> TRY IT
Only the lines from the one that contains "Weidmüller Leitermarkierer SFX" through the last line of the records should appear, each printed exactly as it is.

[Data items]
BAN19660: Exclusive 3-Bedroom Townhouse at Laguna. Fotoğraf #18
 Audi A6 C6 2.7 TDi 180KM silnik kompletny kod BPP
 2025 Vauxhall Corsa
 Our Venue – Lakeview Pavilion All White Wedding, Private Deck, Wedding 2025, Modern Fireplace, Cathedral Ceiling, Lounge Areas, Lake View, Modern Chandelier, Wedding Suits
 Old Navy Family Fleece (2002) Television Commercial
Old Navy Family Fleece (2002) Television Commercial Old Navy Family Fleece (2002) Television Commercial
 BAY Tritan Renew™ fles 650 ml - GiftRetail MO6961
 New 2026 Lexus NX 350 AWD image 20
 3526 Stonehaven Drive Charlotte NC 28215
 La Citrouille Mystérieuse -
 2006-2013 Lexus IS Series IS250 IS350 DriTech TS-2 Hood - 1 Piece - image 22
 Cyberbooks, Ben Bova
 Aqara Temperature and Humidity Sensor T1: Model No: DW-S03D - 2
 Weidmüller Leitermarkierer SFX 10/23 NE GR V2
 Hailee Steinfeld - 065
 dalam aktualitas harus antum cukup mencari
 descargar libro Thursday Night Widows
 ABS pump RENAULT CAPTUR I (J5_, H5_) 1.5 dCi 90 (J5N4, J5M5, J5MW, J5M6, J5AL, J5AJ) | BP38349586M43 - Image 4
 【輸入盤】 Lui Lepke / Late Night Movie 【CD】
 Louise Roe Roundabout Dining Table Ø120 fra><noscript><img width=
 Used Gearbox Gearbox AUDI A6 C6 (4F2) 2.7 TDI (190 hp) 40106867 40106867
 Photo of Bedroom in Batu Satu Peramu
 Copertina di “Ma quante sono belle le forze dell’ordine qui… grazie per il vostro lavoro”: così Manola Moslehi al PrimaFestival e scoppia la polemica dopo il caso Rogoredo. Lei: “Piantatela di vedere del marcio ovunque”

> COMPLETED EXERCISE
 Weidmüller Leitermarkierer SFX 10/23 NE GR V2
 Hailee Steinfeld - 065
 dalam aktualitas harus antum cukup mencari
 descargar libro Thursday Night Widows
 ABS pump RENAULT CAPTUR I (J5_, H5_) 1.5 dCi 90 (J5N4, J5M5, J5MW, J5M6, J5AL, J5AJ) | BP38349586M43 - Image 4
 【輸入盤】 Lui Lepke / Late Night Movie 【CD】
 Louise Roe Roundabout Dining Table Ø120 fra><noscript><img width=
 Used Gearbox Gearbox AUDI A6 C6 (4F2) 2.7 TDI (190 hp) 40106867 40106867
 Photo of Bedroom in Batu Satu Peramu
 Copertina di “Ma quante sono belle le forze dell’ordine qui… grazie per il vostro lavoro”: così Manola Moslehi al PrimaFestival e scoppia la polemica dopo il caso Rogoredo. Lei: “Piantatela di vedere del marcio ovunque”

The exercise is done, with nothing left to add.